*DATA FOR THIS TASK*
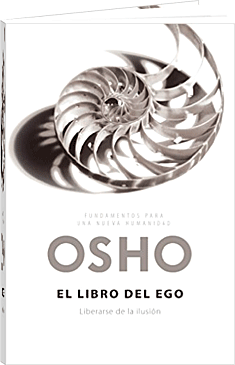 LIBERTAD. La valentía de ser tú mismo - OSHO - Sinopsis del libro, reseñas,  criticas, opiniones - Quelibroleo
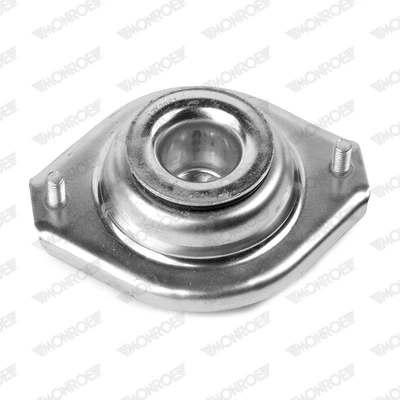 Imagen de MONROE MK367 Copela de amortiguador sin apoyo OPEL: Agila A
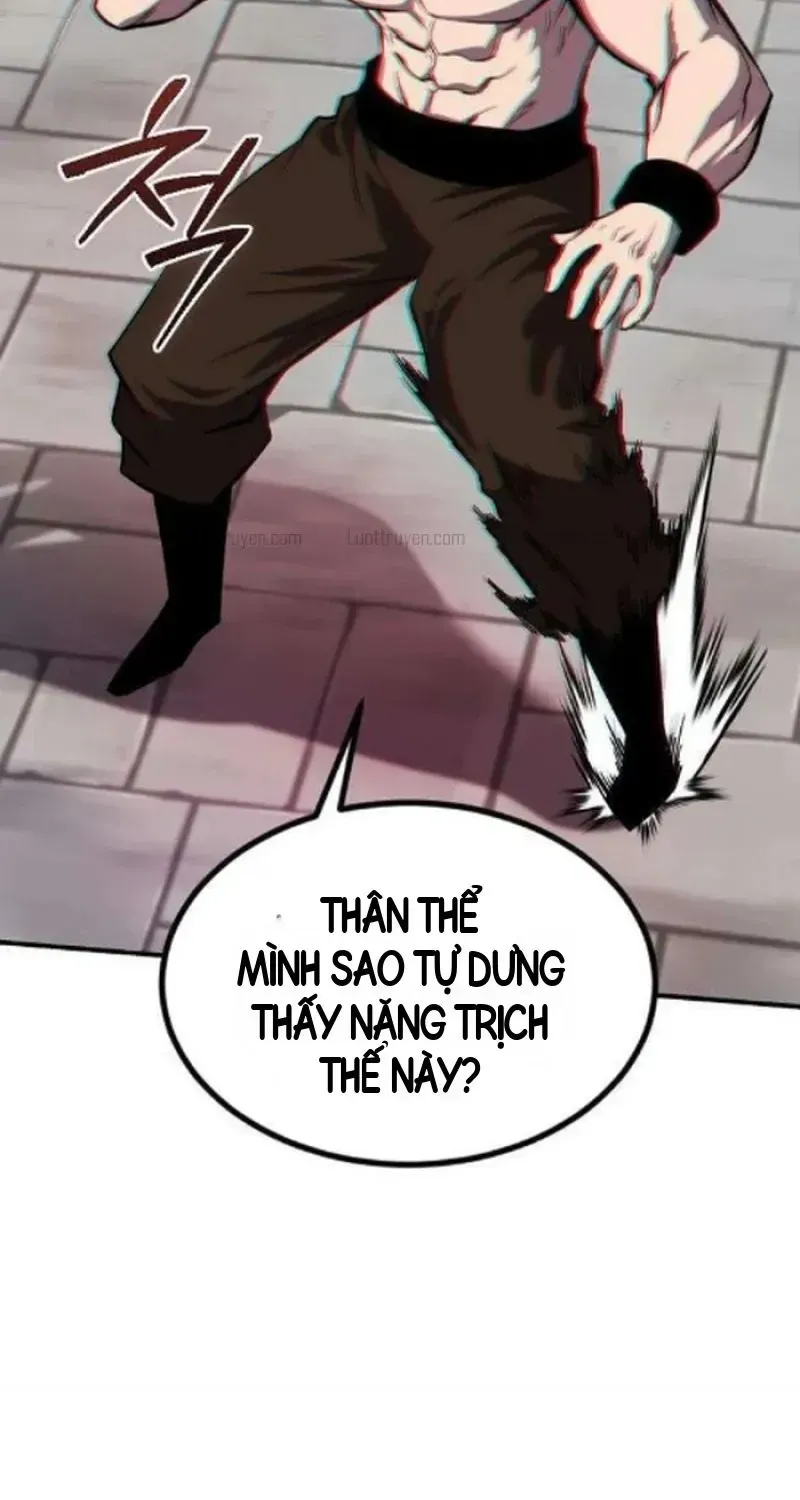 Chapter 10 - Trang 40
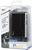 CAR ACCESSORY SOCKET 3 + 2 USB 3.1A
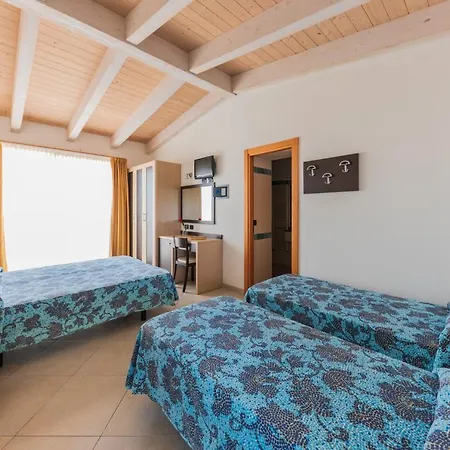 Residence Renadoro-2
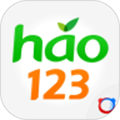 hao123浏览器手机版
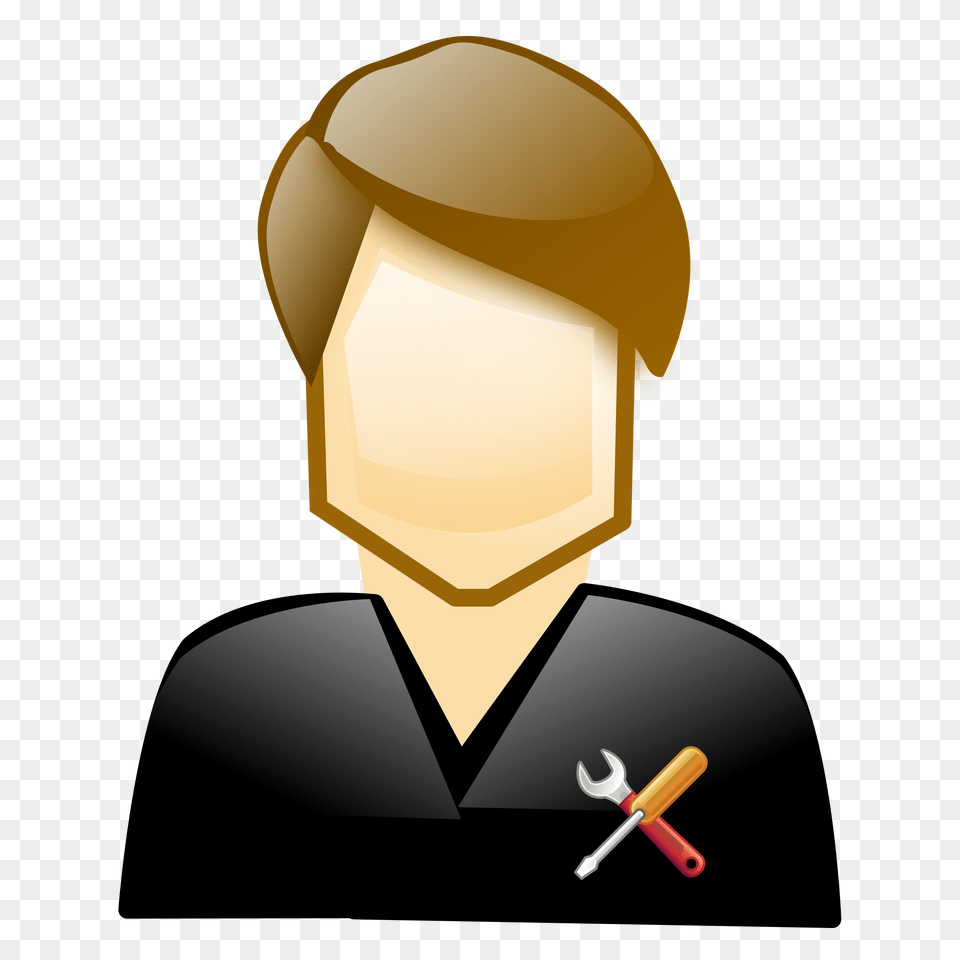 Administrative Clip Art, Weapon, Sword, Person, People Png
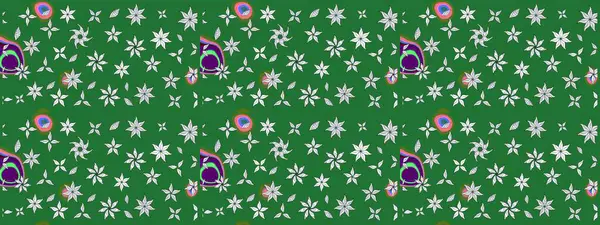 Düğün davetiyeleri için çiçek deseni, tebrik kartları, hatıra defteri, baskı, hediye paketi, imalat. Sulu boya tarzında yeşil çiçekli zarif eskiz deseni, tasarım elementleri. Düzenlenebilir.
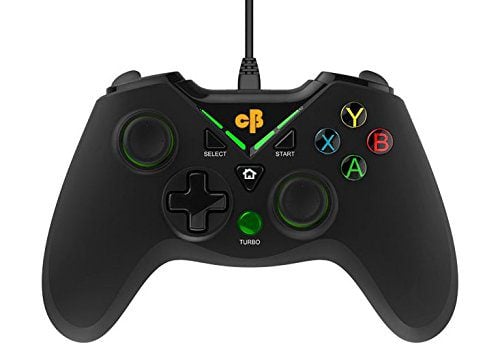 cosmic byte 2 Top 5 Gamepads on offer during the Amazon Great Republic Day Sale
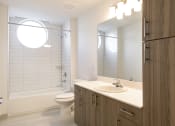 Thumbnail 20 of 41 - Solaris Apartment Homes_Bathroom
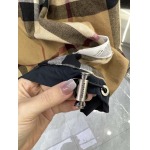 2025年8月20日入荷新作Burberry秋冬ジャケット 高级品超厳選★入手困難/誕生日プレゼント/MF工場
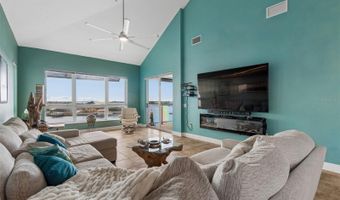 1038 BELLASOL Way 403, Apollo Beach, FL 33572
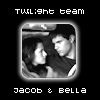 Twilight avatars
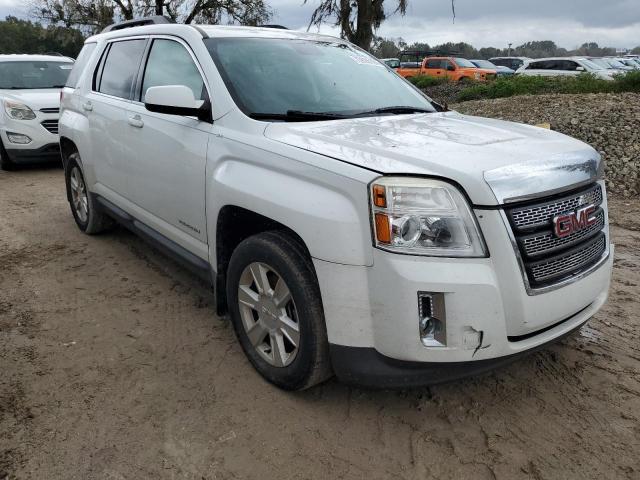 Photo 3 VIN: 2GKALUEK8D6330080 - GMC TERRAIN SL 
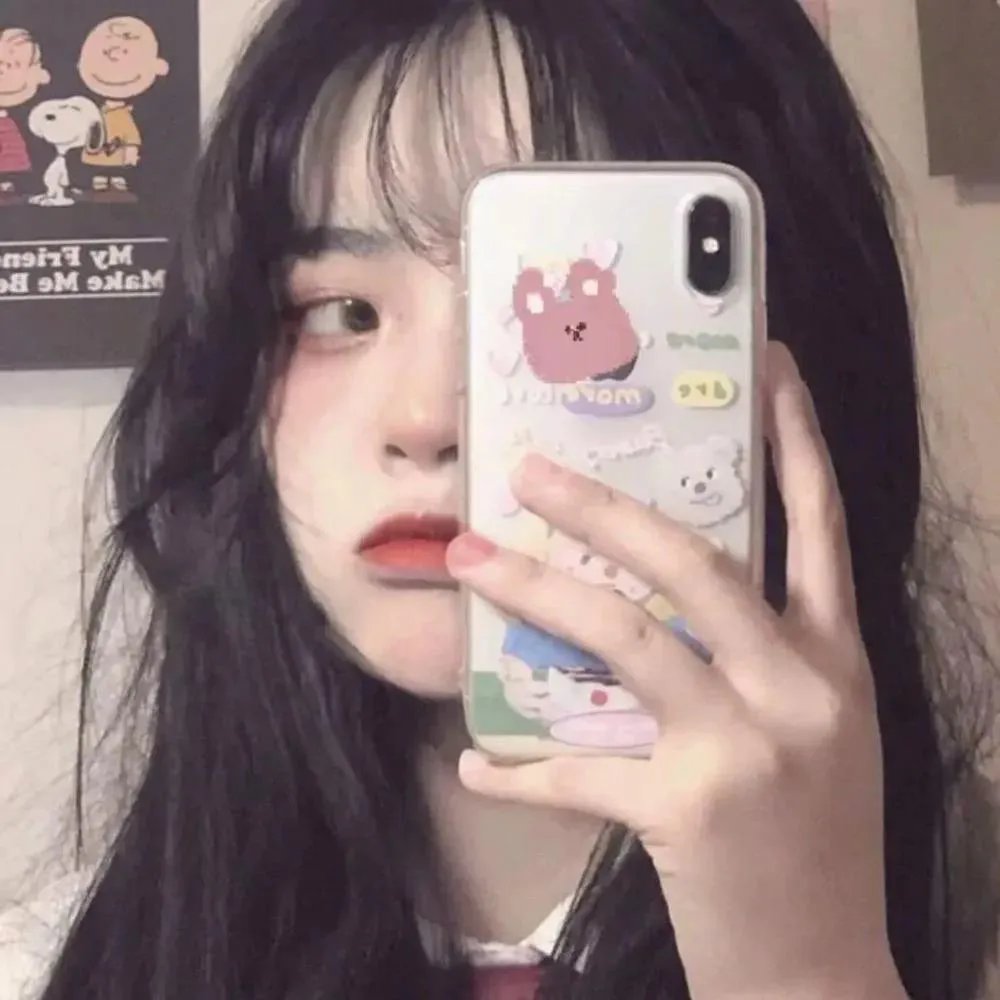 半是蜜糖半是伤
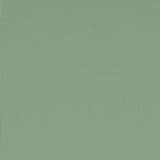 Select Galvanized Steel Storage Shed, Sage Green, 10-ft x 8-ft P9R3 - product image 6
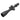 Scope TAURUS 4-16x44 HD SFP-Vector Optics-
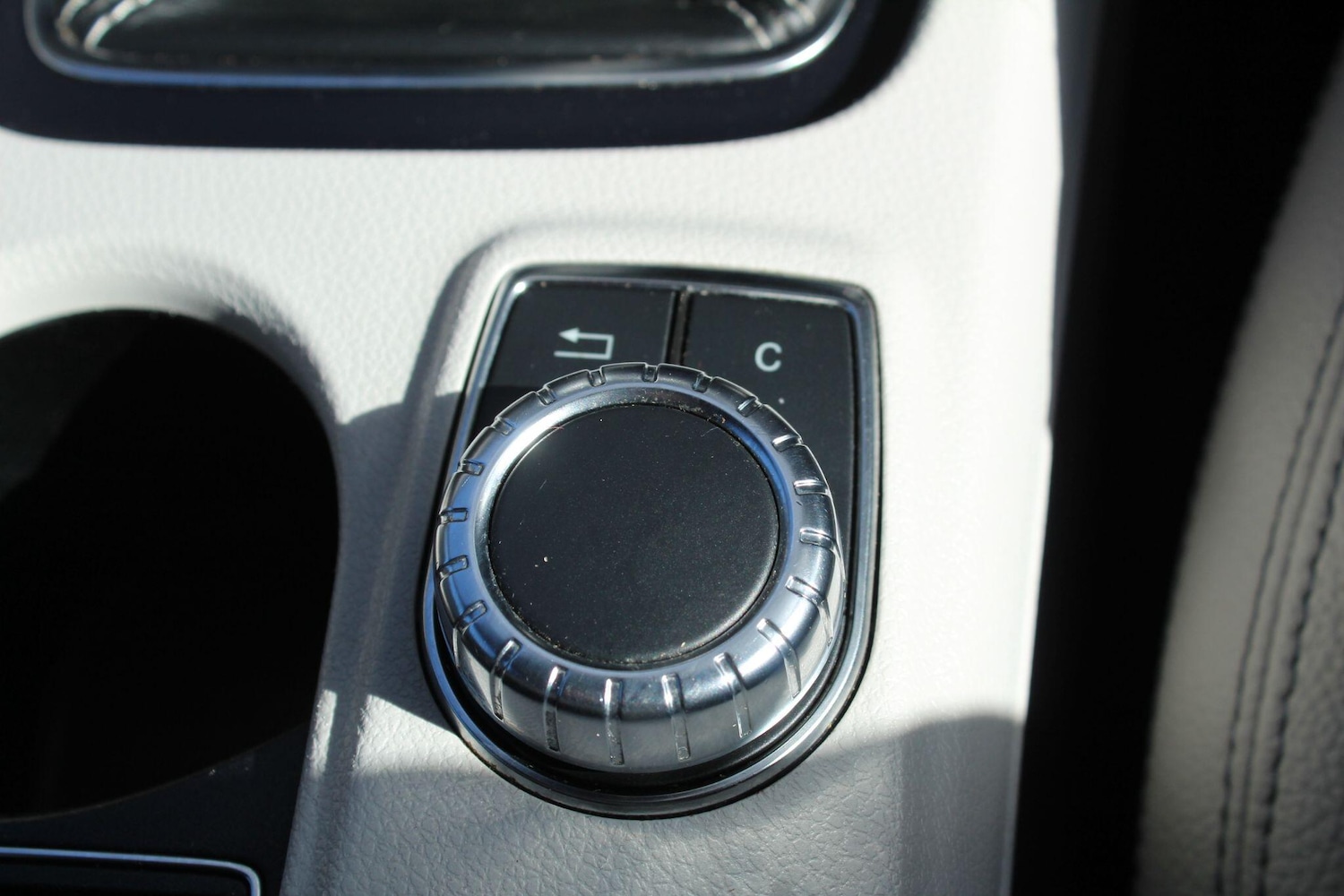 Used Mercedes-Benz A-Class 2015 for sale - 75977532: Photo 33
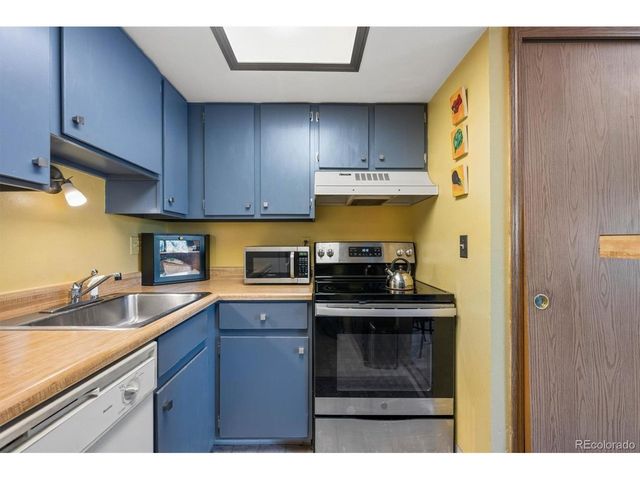12470 W Nevada Pl 211, Denver, CO 80228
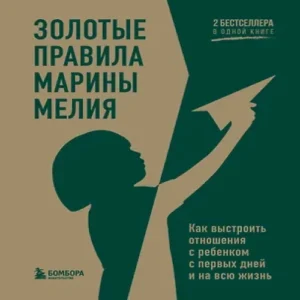 Reaeqn5h8fCZvyM0qiUb4rJhZXspvkdo500_500-1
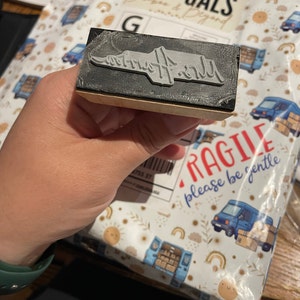 Kelsey ha aggiunto una foto del proprio acquisto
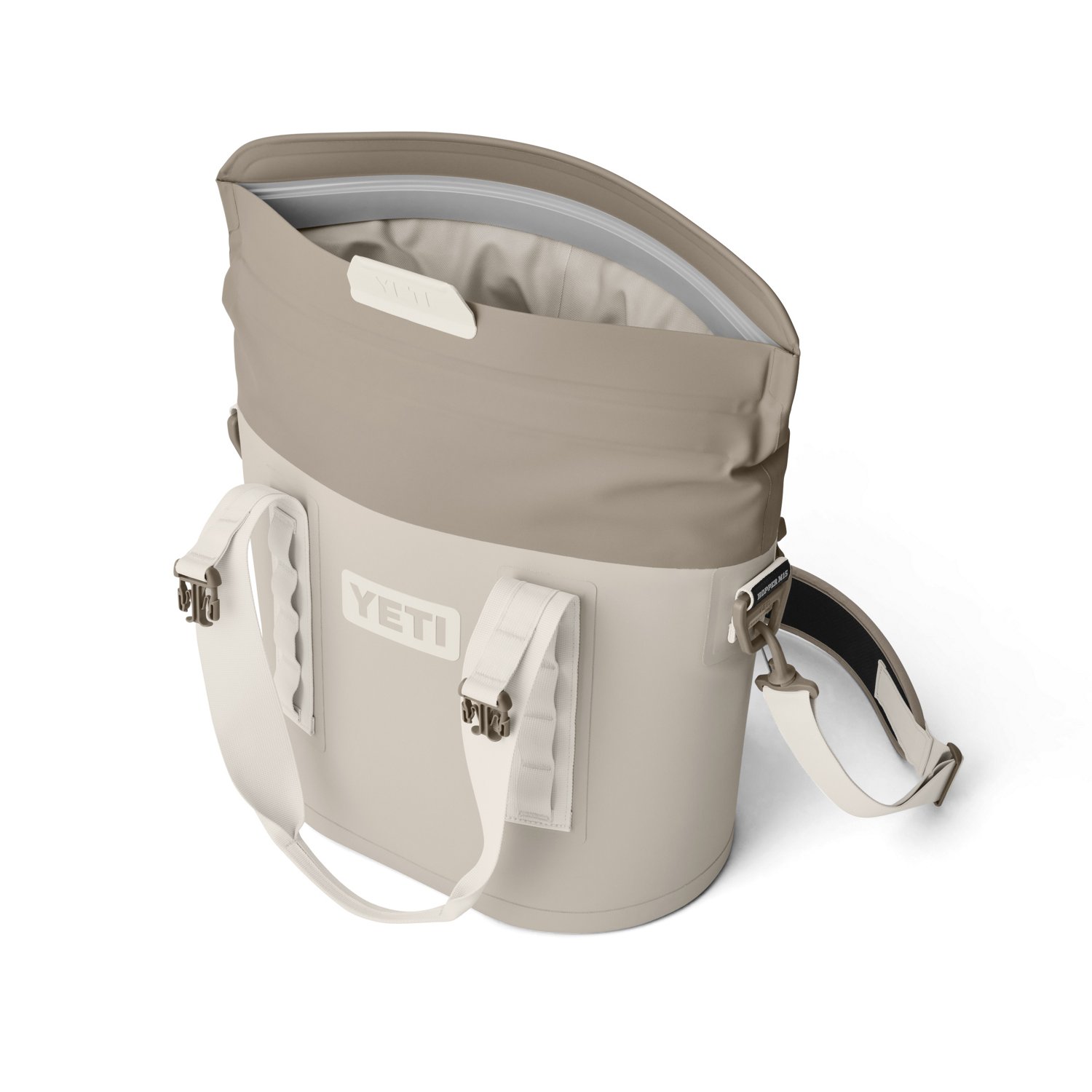 Yeti Hopper M15 - view number 4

*REQUIRED WORK*
Return the records above exactly, without the pictures.

*ANSWER AREA*
 LIBERTAD. La valentía de ser tú mismo - OSHO - Sinopsis del libro, reseñas,  criticas, opiniones - Quelibroleo
 Imagen de MONROE MK367 Copela de amortiguador sin apoyo OPEL: Agila A
 Chapter 10 - Trang 40
 CAR ACCESSORY SOCKET 3 + 2 USB 3.1A
 Residence Renadoro-2
 hao123浏览器手机版
 Administrative Clip Art, Weapon, Sword, Person, People Png
 Düğün davetiyeleri için çiçek deseni, tebrik kartları, hatıra defteri, baskı, hediye paketi, imalat. Sulu boya tarzında yeşil çiçekli zarif eskiz deseni, tasarım elementleri. Düzenlenebilir.
 cosmic byte 2 Top 5 Gamepads on offer during the Amazon Great Republic Day Sale
 Thumbnail 20 of 41 - Solaris Apartment Homes_Bathroom
 2025年8月20日入荷新作Burberry秋冬ジャケット 高级品超厳選★入手困難/誕生日プレゼント/MF工場
 1038 BELLASOL Way 403, Apollo Beach, FL 33572
 Twilight avatars
 Photo 3 VIN: 2GKALUEK8D6330080 - GMC TERRAIN SL 
 半是蜜糖半是伤
 Select Galvanized Steel Storage Shed, Sage Green, 10-ft x 8-ft P9R3 - product image 6
 Scope TAURUS 4-16x44 HD SFP-Vector Optics-
 Used Mercedes-Benz A-Class 2015 for sale - 75977532: Photo 33
12470 W Nevada Pl 211, Denver, CO 80228
 Reaeqn5h8fCZvyM0qiUb4rJhZXspvkdo500_500-1
 Kelsey ha aggiunto una foto del proprio acquisto
 Yeti Hopper M15 - view number 4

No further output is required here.